* _DATA EXCERPTS_
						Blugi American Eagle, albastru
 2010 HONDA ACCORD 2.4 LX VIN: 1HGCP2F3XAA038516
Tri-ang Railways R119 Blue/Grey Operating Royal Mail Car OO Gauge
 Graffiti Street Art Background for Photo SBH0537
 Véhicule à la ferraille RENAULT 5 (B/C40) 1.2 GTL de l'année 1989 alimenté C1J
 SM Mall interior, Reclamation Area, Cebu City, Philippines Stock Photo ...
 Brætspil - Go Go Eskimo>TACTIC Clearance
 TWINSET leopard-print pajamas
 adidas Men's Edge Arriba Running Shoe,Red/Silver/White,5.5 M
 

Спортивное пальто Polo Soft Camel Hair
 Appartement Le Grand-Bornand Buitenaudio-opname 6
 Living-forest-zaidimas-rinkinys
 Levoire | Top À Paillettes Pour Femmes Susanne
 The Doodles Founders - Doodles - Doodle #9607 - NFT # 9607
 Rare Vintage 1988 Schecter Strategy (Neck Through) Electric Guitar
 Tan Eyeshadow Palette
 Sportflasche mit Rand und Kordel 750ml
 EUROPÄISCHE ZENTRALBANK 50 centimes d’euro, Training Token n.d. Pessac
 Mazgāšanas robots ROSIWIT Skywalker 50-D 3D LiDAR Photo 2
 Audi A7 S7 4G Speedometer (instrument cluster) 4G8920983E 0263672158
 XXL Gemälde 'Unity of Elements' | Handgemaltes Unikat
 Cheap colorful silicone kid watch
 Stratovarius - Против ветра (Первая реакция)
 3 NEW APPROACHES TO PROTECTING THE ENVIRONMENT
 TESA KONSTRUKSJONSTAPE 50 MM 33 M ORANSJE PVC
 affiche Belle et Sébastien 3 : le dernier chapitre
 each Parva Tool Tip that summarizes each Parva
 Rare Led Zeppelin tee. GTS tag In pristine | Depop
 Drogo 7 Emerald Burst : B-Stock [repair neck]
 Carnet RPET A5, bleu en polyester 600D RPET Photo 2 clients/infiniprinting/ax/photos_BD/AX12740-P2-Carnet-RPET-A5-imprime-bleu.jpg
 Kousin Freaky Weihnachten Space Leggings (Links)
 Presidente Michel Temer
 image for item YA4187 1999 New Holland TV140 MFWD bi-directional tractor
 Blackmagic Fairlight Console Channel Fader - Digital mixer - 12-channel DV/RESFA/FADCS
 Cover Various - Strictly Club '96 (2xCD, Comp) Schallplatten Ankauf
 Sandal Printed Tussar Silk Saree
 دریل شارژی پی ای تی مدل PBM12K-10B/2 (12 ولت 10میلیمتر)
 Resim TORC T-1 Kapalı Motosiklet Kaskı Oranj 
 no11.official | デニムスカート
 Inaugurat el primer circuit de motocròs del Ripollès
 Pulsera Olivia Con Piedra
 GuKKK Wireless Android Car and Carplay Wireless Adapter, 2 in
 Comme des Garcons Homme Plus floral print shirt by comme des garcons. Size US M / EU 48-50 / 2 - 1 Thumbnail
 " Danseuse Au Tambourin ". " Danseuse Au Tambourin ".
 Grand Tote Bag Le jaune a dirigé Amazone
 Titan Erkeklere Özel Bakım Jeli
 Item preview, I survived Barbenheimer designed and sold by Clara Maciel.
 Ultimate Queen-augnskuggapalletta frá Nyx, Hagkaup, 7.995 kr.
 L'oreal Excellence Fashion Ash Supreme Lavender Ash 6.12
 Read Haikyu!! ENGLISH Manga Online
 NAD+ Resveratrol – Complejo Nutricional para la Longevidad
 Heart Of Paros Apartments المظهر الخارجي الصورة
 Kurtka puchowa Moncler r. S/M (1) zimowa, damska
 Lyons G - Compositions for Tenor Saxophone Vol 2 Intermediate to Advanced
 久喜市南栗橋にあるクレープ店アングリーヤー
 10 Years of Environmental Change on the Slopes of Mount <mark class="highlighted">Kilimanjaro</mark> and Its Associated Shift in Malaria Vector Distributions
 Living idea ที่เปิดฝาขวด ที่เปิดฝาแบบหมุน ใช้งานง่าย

* _PROBLEM TO SOLVE_
Give back each entry so that it matches the original word for word.

* _RESPONSE TO THE TASK_
						Blugi American Eagle, albastru
 2010 HONDA ACCORD 2.4 LX VIN: 1HGCP2F3XAA038516
Tri-ang Railways R119 Blue/Grey Operating Royal Mail Car OO Gauge
 Graffiti Street Art Background for Photo SBH0537
 Véhicule à la ferraille RENAULT 5 (B/C40) 1.2 GTL de l'année 1989 alimenté C1J
 SM Mall interior, Reclamation Area, Cebu City, Philippines Stock Photo ...
 Brætspil - Go Go Eskimo>TACTIC Clearance
 TWINSET leopard-print pajamas
 adidas Men's Edge Arriba Running Shoe,Red/Silver/White,5.5 M
 

Спортивное пальто Polo Soft Camel Hair
 Appartement Le Grand-Bornand Buitenaudio-opname 6
 Living-forest-zaidimas-rinkinys
 Levoire | Top À Paillettes Pour Femmes Susanne
 The Doodles Founders - Doodles - Doodle #9607 - NFT # 9607
 Rare Vintage 1988 Schecter Strategy (Neck Through) Electric Guitar
 Tan Eyeshadow Palette
 Sportflasche mit Rand und Kordel 750ml
 EUROPÄISCHE ZENTRALBANK 50 centimes d’euro, Training Token n.d. Pessac
 Mazgāšanas robots ROSIWIT Skywalker 50-D 3D LiDAR Photo 2
 Audi A7 S7 4G Speedometer (instrument cluster) 4G8920983E 0263672158
 XXL Gemälde 'Unity of Elements' | Handgemaltes Unikat
 Cheap colorful silicone kid watch
 Stratovarius - Против ветра (Первая реакция)
 3 NEW APPROACHES TO PROTECTING THE ENVIRONMENT
 TESA KONSTRUKSJONSTAPE 50 MM 33 M ORANSJE PVC
 affiche Belle et Sébastien 3 : le dernier chapitre
 each Parva Tool Tip that summarizes each Parva
 Rare Led Zeppelin tee. GTS tag In pristine | Depop
 Drogo 7 Emerald Burst : B-Stock [repair neck]
 Carnet RPET A5, bleu en polyester 600D RPET Photo 2 clients/infiniprinting/ax/photos_BD/AX12740-P2-Carnet-RPET-A5-imprime-bleu.jpg
 Kousin Freaky Weihnachten Space Leggings (Links)
 Presidente Michel Temer
 image for item YA4187 1999 New Holland TV140 MFWD bi-directional tractor
 Blackmagic Fairlight Console Channel Fader - Digital mixer - 12-channel DV/RESFA/FADCS
 Cover Various - Strictly Club '96 (2xCD, Comp) Schallplatten Ankauf
 Sandal Printed Tussar Silk Saree
 دریل شارژی پی ای تی مدل PBM12K-10B/2 (12 ولت 10میلیمتر)
 Resim TORC T-1 Kapalı Motosiklet Kaskı Oranj 
 no11.official | デニムスカート
 Inaugurat el primer circuit de motocròs del Ripollès
 Pulsera Olivia Con Piedra
 GuKKK Wireless Android Car and Carplay Wireless Adapter, 2 in
 Comme des Garcons Homme Plus floral print shirt by comme des garcons. Size US M / EU 48-50 / 2 - 1 Thumbnail
 " Danseuse Au Tambourin ". " Danseuse Au Tambourin ".
 Grand Tote Bag Le jaune a dirigé Amazone
 Titan Erkeklere Özel Bakım Jeli
 Item preview, I survived Barbenheimer designed and sold by Clara Maciel.
 Ultimate Queen-augnskuggapalletta frá Nyx, Hagkaup, 7.995 kr.
 L'oreal Excellence Fashion Ash Supreme Lavender Ash 6.12
 Read Haikyu!! ENGLISH Manga Online
 NAD+ Resveratrol – Complejo Nutricional para la Longevidad
 Heart Of Paros Apartments المظهر الخارجي الصورة
 Kurtka puchowa Moncler r. S/M (1) zimowa, damska
 Lyons G - Compositions for Tenor Saxophone Vol 2 Intermediate to Advanced
 久喜市南栗橋にあるクレープ店アングリーヤー
 10 Years of Environmental Change on the Slopes of Mount <mark class="highlighted">Kilimanjaro</mark> and Its Associated Shift in Malaria Vector Distributions
 Living idea ที่เปิดฝาขวด ที่เปิดฝาแบบหมุน ใช้งานง่าย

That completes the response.